If you are upgrading from an API Connect release prior to 10.0.1.7-eus, complete steps
5, 6, and 7 to resolve certificate
issues (certificate manager was upgraded in API Connect 10.0.1.7-eus). Otherwise, skip to step 8.
- Check for certificate errors.
In Version 10.0.1.7-eus, API Connect upgraded its certificate manager, which might cause some
errors during the upgrade. Complete the following steps to check for certificate errors and correct
them.
- Check the new API Connect operator's log for an error similar to the following
example:
{"level":"error","ts":1634966113.8442025,"logger":"controllers.AnalyticsCluster","msg":"Failed to set owner reference on certificate request","analyticscluster":"apic/instance-name-a7s","certificate":"instance-name-a7s-ca","error":"Object apic/instance-name-a7s-ca is already owned by another Certificate controller instance-name-a7s-ca",
To correct this problem, delete all issuers and certificates generated with
certmanager.k8s.io/v1alpha1. For certificates used by route objects, you must also delete the route
and secret objects.
- Run the following commands to delete the issuers and certificates that were generated
with certmanager.k8s.io/v1alpha1:
oc delete issuers.certmanager.k8s.io instance-name-self-signed instance-name-ingress-issuer instance-name-mgmt-ca instance-name-a7s-ca instance-name-ptl-ca
oc delete certs.certmanager.k8s.io instance-name-ingress-ca instance-name-mgmt-ca instance-name-ptl-ca instance-name-a7s-ca
In the examples, instance-name
is the instance name of the
top-level apiconnectcluster
.
When you delete the issuers and certificates, the new certificate manager generates replacements;
this might take a few minutes.
- Verify that the new CA certs are refreshed and ready.

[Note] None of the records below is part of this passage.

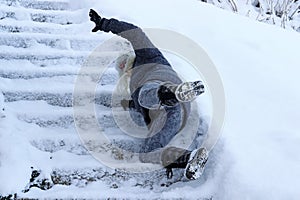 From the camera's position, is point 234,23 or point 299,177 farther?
point 234,23

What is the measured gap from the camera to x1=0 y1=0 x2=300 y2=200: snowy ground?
1553mm

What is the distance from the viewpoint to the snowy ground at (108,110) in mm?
1553

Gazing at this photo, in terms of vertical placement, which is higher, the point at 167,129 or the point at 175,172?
the point at 167,129

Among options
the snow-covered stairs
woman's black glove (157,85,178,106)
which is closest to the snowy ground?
the snow-covered stairs

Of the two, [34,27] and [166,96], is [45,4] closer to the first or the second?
[34,27]

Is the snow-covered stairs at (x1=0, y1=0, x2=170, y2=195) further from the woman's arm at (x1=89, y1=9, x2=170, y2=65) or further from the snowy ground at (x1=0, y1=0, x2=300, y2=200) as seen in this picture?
the woman's arm at (x1=89, y1=9, x2=170, y2=65)

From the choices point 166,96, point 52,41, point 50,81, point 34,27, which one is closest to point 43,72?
point 50,81

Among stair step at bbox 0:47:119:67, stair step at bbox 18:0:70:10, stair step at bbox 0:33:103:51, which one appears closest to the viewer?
stair step at bbox 0:47:119:67

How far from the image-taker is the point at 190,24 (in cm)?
262

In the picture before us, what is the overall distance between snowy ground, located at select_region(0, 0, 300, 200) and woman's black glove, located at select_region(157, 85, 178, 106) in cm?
24

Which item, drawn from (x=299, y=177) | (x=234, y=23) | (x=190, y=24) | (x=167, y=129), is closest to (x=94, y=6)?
(x=190, y=24)

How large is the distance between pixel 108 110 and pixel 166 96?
0.43 meters

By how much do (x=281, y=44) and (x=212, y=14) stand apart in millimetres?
487

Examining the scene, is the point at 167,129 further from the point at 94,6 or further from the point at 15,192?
the point at 94,6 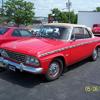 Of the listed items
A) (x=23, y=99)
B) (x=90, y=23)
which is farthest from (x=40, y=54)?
(x=90, y=23)

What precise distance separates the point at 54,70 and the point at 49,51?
2.34 ft

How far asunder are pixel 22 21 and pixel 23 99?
30142 mm

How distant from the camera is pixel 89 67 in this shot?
8438 millimetres

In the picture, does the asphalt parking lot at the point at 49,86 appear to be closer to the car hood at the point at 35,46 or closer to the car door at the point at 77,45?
the car door at the point at 77,45

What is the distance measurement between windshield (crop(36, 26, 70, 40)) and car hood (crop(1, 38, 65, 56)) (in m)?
0.24

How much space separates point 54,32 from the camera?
24.2 ft

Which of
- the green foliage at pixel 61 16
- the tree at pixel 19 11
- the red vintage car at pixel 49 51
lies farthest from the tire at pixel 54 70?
the green foliage at pixel 61 16

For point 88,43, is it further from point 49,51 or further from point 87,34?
point 49,51

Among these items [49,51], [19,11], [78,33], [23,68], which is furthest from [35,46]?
[19,11]

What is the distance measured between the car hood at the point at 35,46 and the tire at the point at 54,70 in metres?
0.46

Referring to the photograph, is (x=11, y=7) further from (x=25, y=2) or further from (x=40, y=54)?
(x=40, y=54)

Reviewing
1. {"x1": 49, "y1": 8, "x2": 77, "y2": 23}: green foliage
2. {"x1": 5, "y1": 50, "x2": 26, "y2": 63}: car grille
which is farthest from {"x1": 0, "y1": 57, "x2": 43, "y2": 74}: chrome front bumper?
{"x1": 49, "y1": 8, "x2": 77, "y2": 23}: green foliage

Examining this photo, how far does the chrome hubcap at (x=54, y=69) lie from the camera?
21.4ft

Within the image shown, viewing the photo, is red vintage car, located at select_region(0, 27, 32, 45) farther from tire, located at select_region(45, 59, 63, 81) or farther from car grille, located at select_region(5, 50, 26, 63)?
tire, located at select_region(45, 59, 63, 81) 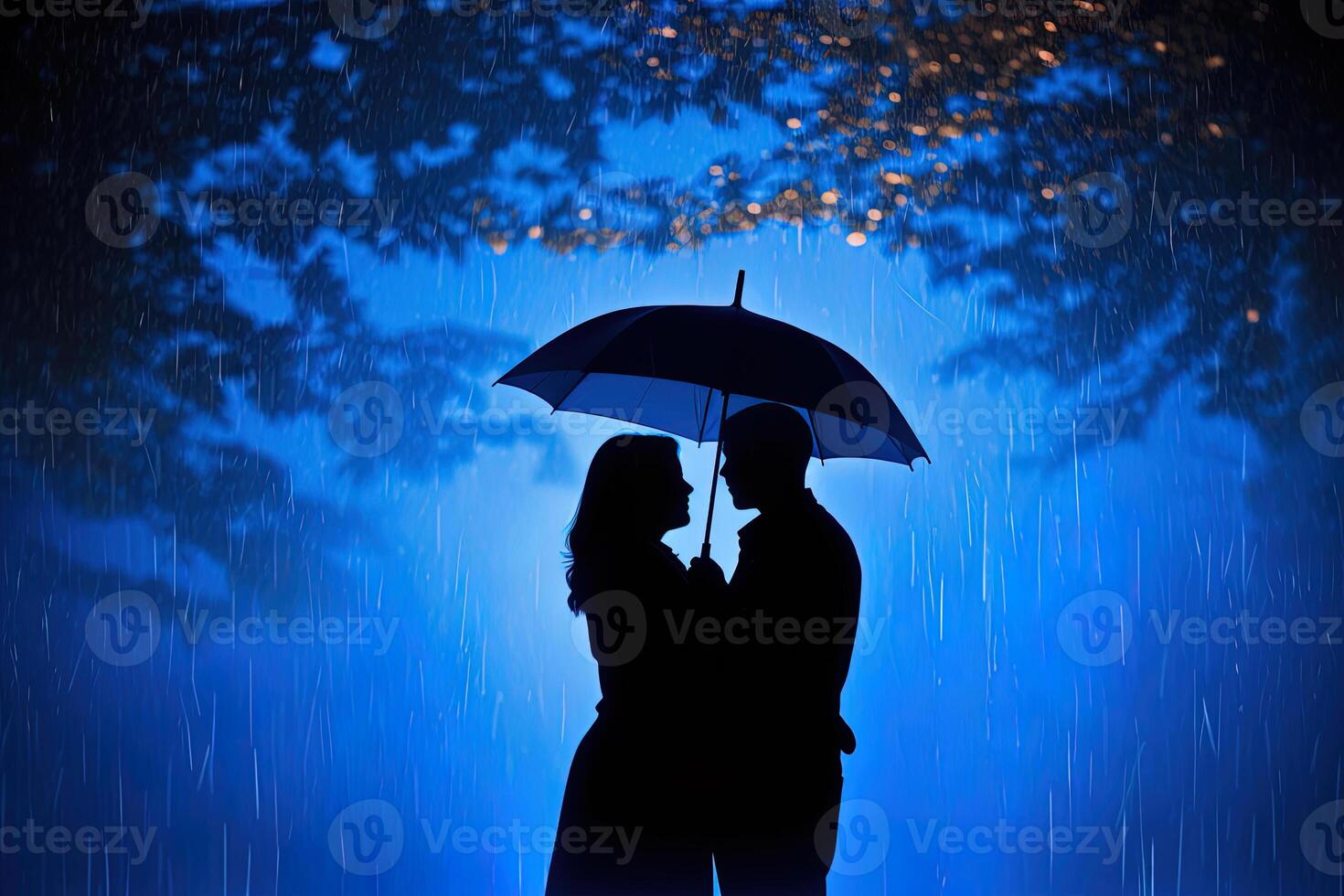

Run the following command to verify the certificates:
oc get certs instance-name-ingress-ca instance-name-mgmt-ca instance-name-ptl-ca instance-name-a7s-ca
The CA certs are ready when AGE
is "new" and the READY
column
shows True
.
- Delete the remaining old certificates, routes, and secret objects.
Run the following commands:
oc get certs.certmanager.k8s.io | awk '/instance-name/{print $1}' | xargs oc delete certs.certmanager.k8s.io
oc delete certs.certmanager.k8s.io postgres-operator
oc get routes --no-headers -o custom-columns=":metadata.name" | grep ^instance-name- | xargs oc delete secrets
oc get routes --no-headers -o custom-columns=":metadata.name" | grep ^instance-name- | xargs oc delete routes
- Verify that no old issuers or certificates from your top-level instance remain.
Run the following commands:
oc get issuers.certmanager.k8s.io | grep instance-name
oc get certs.certmanager.k8s.io | grep instance-name
Both commands should report that no resources were found.
- Use the
apicops
utility (version 0.10.57 or later) to
detect stale certificates and then delete them.
In rare cases, when new certificates are generated, some of them might be signed with the old CA
secret. The result is that the new certificates can't be verified. If you are upgrading from
10.0.1.6-ifix1-eus or older, the top-level API Connect CR might not show a ready/health state until
you delete all the secrets that failed to be verified. Using the apicops
tool
ensures that you successfully detect all stale certificates.
- Verify that the OpenShift UI indicates that all operators are in the
Succeeded
state without any warnings.
- Run the following command:
apicops upgrade:stale-certs -n <APIC_namespace>
- Delete any stale secrets for certificates that are managed by cert-manager.
If a certificate failed the verification and it is managed by cert-manager, you can delete the
stale certificate secret, and let cert-manager regenerate it. To delete the certificate secret, run
the following command:
oc delete secret <stale-secret> -n <APIC_namespace>
Note that you are deleting the secret and not the new certificate.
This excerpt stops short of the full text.